I’ve been a programmer for a fair amount of time, now, and in that time I have yet to see a large codebase where compromises haven’t been made along the way.

You can start out with the best intentions. You can carefully plan the architecture, draw diagrams, and be generally committed to making extensible, flexible code.

But then, some deadline approaches, some other task takes priority, and you end up making a call to “just get it working”. Maybe not in the most elegant way. But good enough. And, of course, you plan to go back and tidy it up later.

These…let’s call them “fudges” (I wouldn’t even go so far as to call them hacks)….they accumulate. Like entropy building up in your pristine code. Because you almost never have the time to go back and fix them.

And as those fudges accumulate, you start to feel more…friction…when you work in certain areas of your code. The kludges bug you. Every time you encounter them, every time you have to work around a work-around, you remember that you intended to fix this part of the code, give it some time and love, make it beautiful and pristine again.

It’s a desire every programmer feels growing over time, working in larger, older code bases – the desire to refactor.

But, if you’re running a commercial enterprise, the time pressure never goes away. Time is money. You’re always faced with the decision – leave it as is, accept the small cost of working around the fudges, or make the more significant investment of time refactoring your code, in the hope of future gains.

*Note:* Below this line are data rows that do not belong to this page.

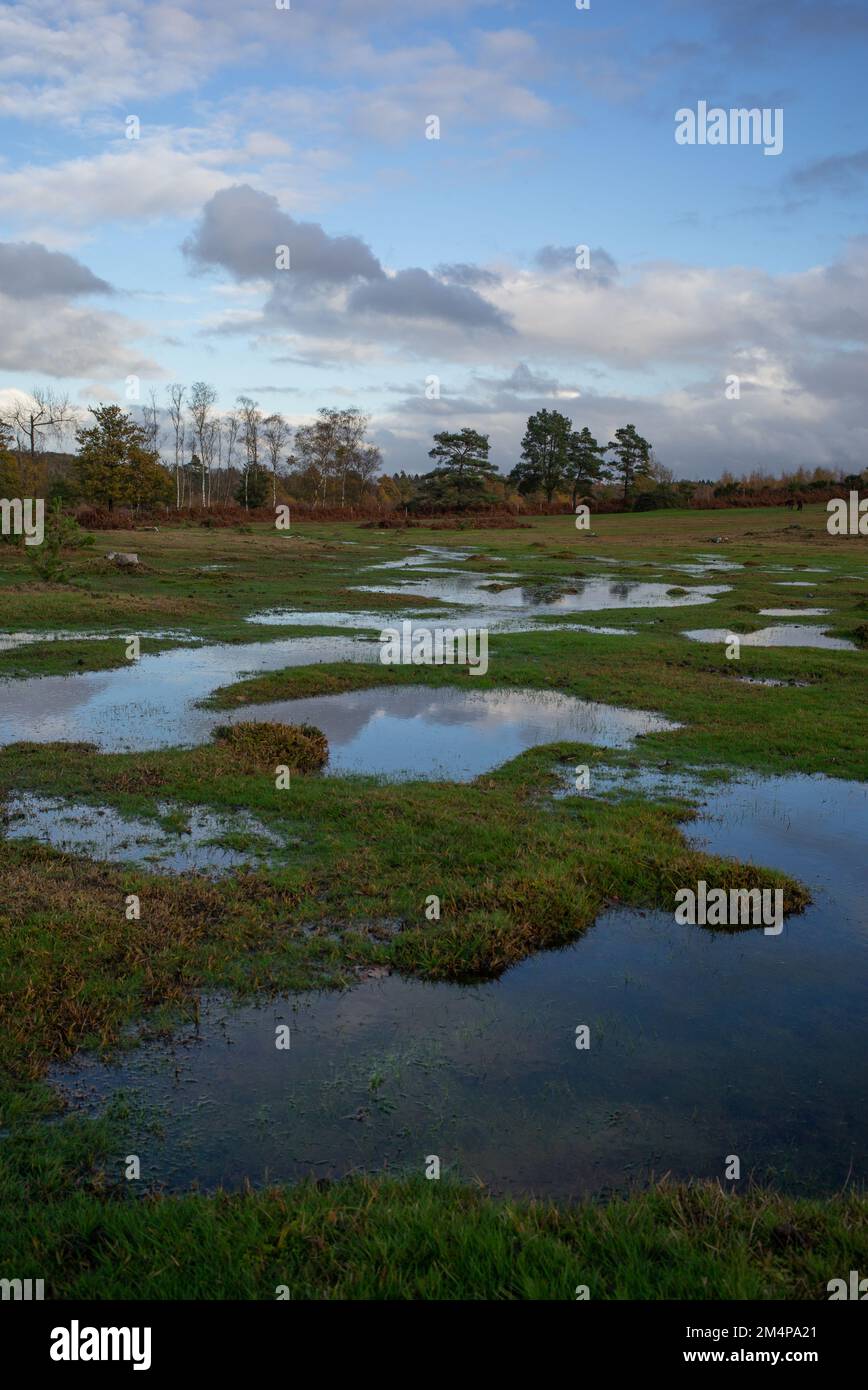 Feuchtgebiete des Neuen Waldes nehmen Gestalt an, wenn der starke Regen die Bäche überflutet. Stockfoto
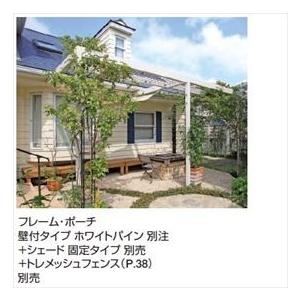 タカショー フレームポーチ 壁付タイプ 1.5間×6尺 ＊デッキ・正面パネルなどは別売 ラッピングカラー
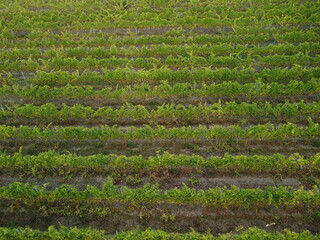 Aerial view of vineyards field plantation on sunset. Cinematic drone aerial view on Green highland valley countryside. Eco farming in wild nature landscape. Tourism, travel concept.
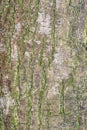 Closeup shot of a green moss covered tree trunk surface Royalty Free Stock Photo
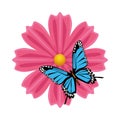 Beautiful blue butterfly flying with pink flower Royalty Free Stock Photo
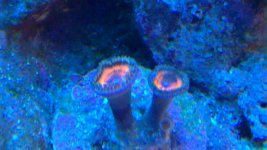 20101129_006.jpg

Do you trudge on grudgingly, or do you take one step back to make two forward?

But there’s another risk that dogs programmers. The risk of over-engineering and the perfectionism. Good programmers love beautiful, elegant code. But it’s a love that can lead programmers to futz around for ages pursuing “elegant designs” where “good enough” does just fine.

The trick is in knowing when it’s genuinely worth refactoring, and when that’s just your perfectionist side calling you, siren-like, to smash yourself against the rocks of your deadline.

I’d love to drop some pearl of wisdom here, some clear trick to knowing when the time is right to refactor. But I can’t say it’s anything other than experience. With experience, your instincts will develop, you’ll get a feeling for when working around messy code is taking more time than just sitting and fixing it.

And then, once you develop that experience, you have to try to make your case to your project manager, because they’re always under pressure to get the project complete. You have to convince them that it’s worth it to give you a buffer of time to get the code…basically back to the point it is now, with no visible new features added.

If you have a good PM, they’ll understand the necessity. But even if they’re on board, it can be hard to find that extra time.

Luckily, I am my own Project Manager. Which means I can do what I want hahahahaha…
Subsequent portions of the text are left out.